In holding that the situs requirement was met in this case, the district court did not apply our holding in Demette, instead relying upon older authority which we conclude, for reasons discussed below, to be factually distinguishable from this case.3 The district court likewise did not apply the Supreme Court’s analysis in Offshore Logistics, Inc. v. Tallentire, 477 U.S. 207, 106 S.Ct. 2485, 91 L.Ed.2d 174 (1986), which we deem to be controlling in this case. In Tallentire, two platform workers were killed in a crash on the high seas of a helicopter which had been transporting them from the offshore drilling platform where they worked to their home base in Louisiana. Tallentire, 477 U.S. at 209, 106 S.Ct. 2485. The survivors of the workers argued that they were entitled to damages based on the Louisiana Wrongful Death Statute, which they asserted was applicable either by its own terms or as surrogate federal law under OCSLA. Id.
The Supreme Court in Tallentire concluded that OCSLA did not apply in that case, writing that:
admiralty jurisdiction is appropriately invoked here under traditional principles because the accident occurred on the high seas and in furtherance of an activity bearing a significant relationship to a traditional maritime activity. See Executive Jet Aviation, Inc. v. City of Cleveland, 409 U.S. 249, 93 S.Ct. 493, 34 L.Ed.2d 454 (1972). Although the decedents were killed while riding in a helicopter and not a more traditional maritime conveyance, that helicopter was engaged in a function traditionally performed by waterborne vessels: the ferrying of passengers from an “island,” albeit an artificial one, to the shore.

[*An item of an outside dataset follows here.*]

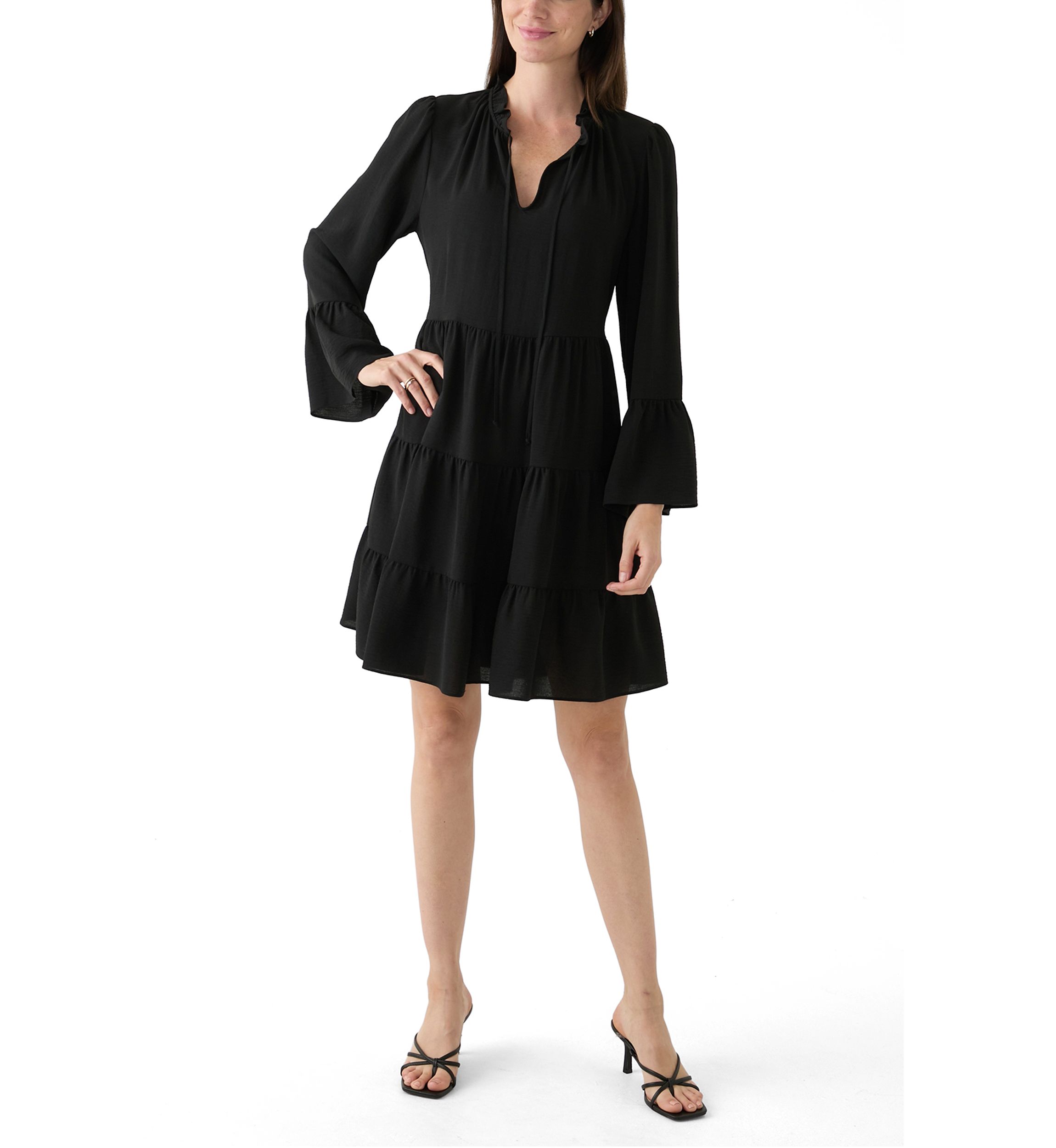 Womens Long Sleeve Tie Neck Dress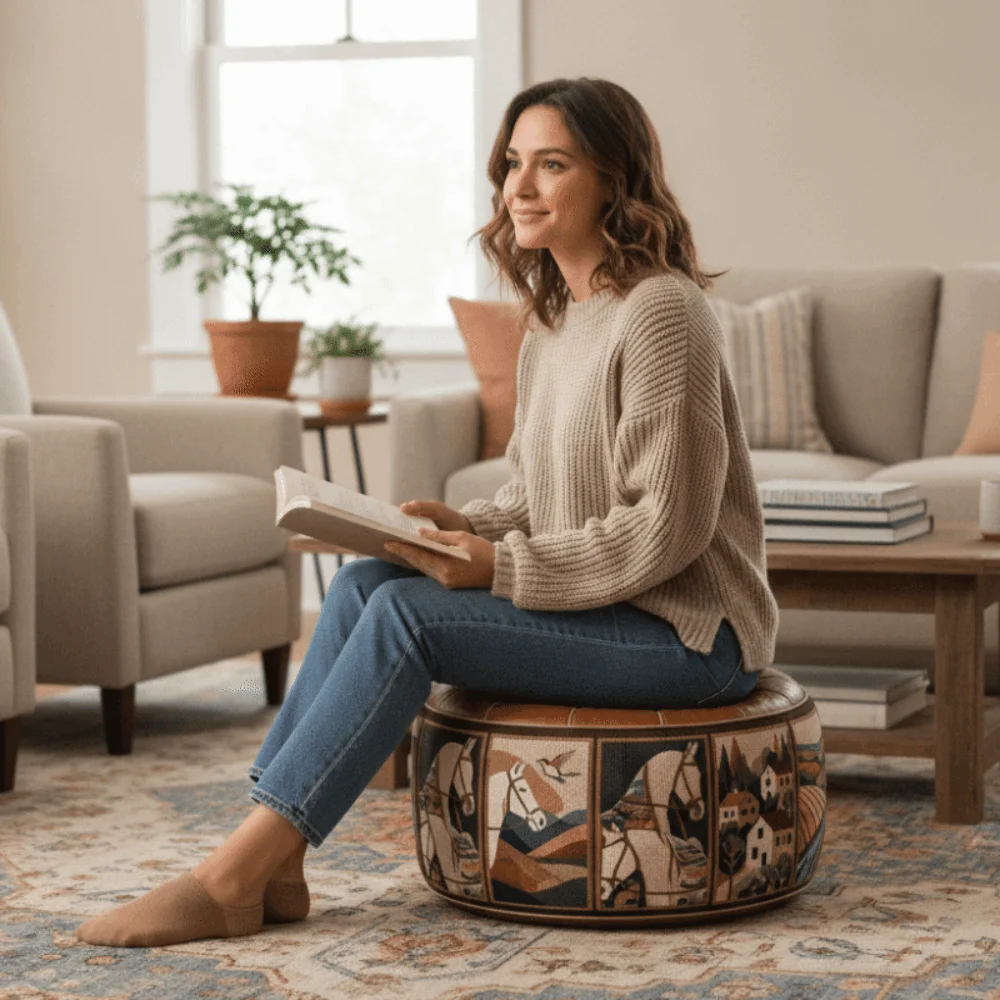 PU Leather Oil Painting Pattern Stool Cover Unfilled Large Capacity Footstool Cover Rustic Style Waterproof Clothes Storage Bag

Id. at 218-19, 106 S.Ct. 2485. Significantly, the Supreme Court in Tallentire rejected the notion that the status of the decedents as platform workers should render OCSLA applicable to what was otherwise a maritime accident:
The character of the decedents as platform workers who have a special relationship with the shore community simply has no special relevance to the resolution of the question of the application of OCSLA to this case .... We do not interpret § 4 of OCSLA, 43 U.S.C. § 1333, to require or permit us to extend the coverage of the statute to the platform workers in this ease who were killed miles away from the platform and on the high seas simply because they were platform workers. Congress determined that the general scope of OCSLA’s coverage, like the operation of DOHSA’s remedies, would be determined principally by locale, not by the status of the individual injured or killed.
Id.
In concluding that OCSLA applies in this case, the district court relied upon our decision in PLT Engineering. The district court placed particular emphasis upon our observation that the situs requirement had been met in that case because “the ‘locations where substantial work pursuant to the contract was done were covered sitas-es.’ ” Grand Isle Shipyard, Inc. v. Seacor Marine, LLC, No. 06-1405, 2007 WL 2874808 at *3 (E.D.La. Sept. 26, 2007) (quoting PLT Engineering, 895 F.2d at 1047). Considered in its entirety, our *261holding in PLT Engineering does not support the result reached by the district court in this case. PLT Engineering was a breach of contract case in which we concluded that OCSLA applied to a dispute involving work on an undersea gathering line. PLT Engineering, 895 F.2d at 1049. We reached this conclusion in spite of the fact that the work at issue in PLT Engineering was performed by vessels and divers in the ocean, not on a platform. Id. In explaining our conclusion that OCSLA nevertheless applied, we wrote that:
In the first place, the gathering line exactly fits the statutory definition of an “other device[] permanently or temporarily attached to the seabed ... erected thereon for the purpose of ... developing, or producing resources therefrom.” 43 U.S.C. § 1333(a)(1). In addition, the gathering line was buried beneath the ocean floor. It was connected to a platform at one end. It was connected to a transmission line at the other. The locations where the substantial work was done were covered situses — the subsoil or seabed; an artificial island; and an installation for the production of resources. Thus the first condition is met.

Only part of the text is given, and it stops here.